◆ Task details: Scan the records below for the line containing "Zdjęcie 8 z" and the line containing "KMHCT4AE4GU049514 2016 HYUNDAI". Copy both, plus every line between, exactly.

+++

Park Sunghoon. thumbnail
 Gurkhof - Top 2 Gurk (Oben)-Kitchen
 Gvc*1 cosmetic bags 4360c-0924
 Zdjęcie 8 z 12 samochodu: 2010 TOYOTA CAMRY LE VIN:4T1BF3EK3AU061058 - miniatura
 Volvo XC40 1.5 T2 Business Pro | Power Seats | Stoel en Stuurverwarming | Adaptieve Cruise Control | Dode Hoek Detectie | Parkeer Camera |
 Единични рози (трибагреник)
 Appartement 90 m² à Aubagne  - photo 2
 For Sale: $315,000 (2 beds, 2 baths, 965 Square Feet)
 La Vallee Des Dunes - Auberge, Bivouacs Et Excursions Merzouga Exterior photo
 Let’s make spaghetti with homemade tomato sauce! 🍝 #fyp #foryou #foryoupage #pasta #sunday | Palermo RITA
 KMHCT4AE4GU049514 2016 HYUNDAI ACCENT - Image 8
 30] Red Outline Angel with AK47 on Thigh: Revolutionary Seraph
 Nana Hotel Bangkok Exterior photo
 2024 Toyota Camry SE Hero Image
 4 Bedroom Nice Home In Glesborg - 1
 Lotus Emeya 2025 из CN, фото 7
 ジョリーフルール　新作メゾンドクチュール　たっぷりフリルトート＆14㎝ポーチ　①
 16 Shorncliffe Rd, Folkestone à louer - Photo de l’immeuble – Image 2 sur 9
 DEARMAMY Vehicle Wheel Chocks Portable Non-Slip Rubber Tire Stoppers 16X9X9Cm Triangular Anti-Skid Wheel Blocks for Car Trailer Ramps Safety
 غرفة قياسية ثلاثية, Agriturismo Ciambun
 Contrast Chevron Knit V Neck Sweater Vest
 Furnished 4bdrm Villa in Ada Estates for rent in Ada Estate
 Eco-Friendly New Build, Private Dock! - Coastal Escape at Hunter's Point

+++

◆ Written answer:
 Zdjęcie 8 z 12 samochodu: 2010 TOYOTA CAMRY LE VIN:4T1BF3EK3AU061058 - miniatura
 Volvo XC40 1.5 T2 Business Pro | Power Seats | Stoel en Stuurverwarming | Adaptieve Cruise Control | Dode Hoek Detectie | Parkeer Camera |
 Единични рози (трибагреник)
 Appartement 90 m² à Aubagne  - photo 2
 For Sale: $315,000 (2 beds, 2 baths, 965 Square Feet)
 La Vallee Des Dunes - Auberge, Bivouacs Et Excursions Merzouga Exterior photo
 Let’s make spaghetti with homemade tomato sauce! 🍝 #fyp #foryou #foryoupage #pasta #sunday | Palermo RITA
 KMHCT4AE4GU049514 2016 HYUNDAI ACCENT - Image 8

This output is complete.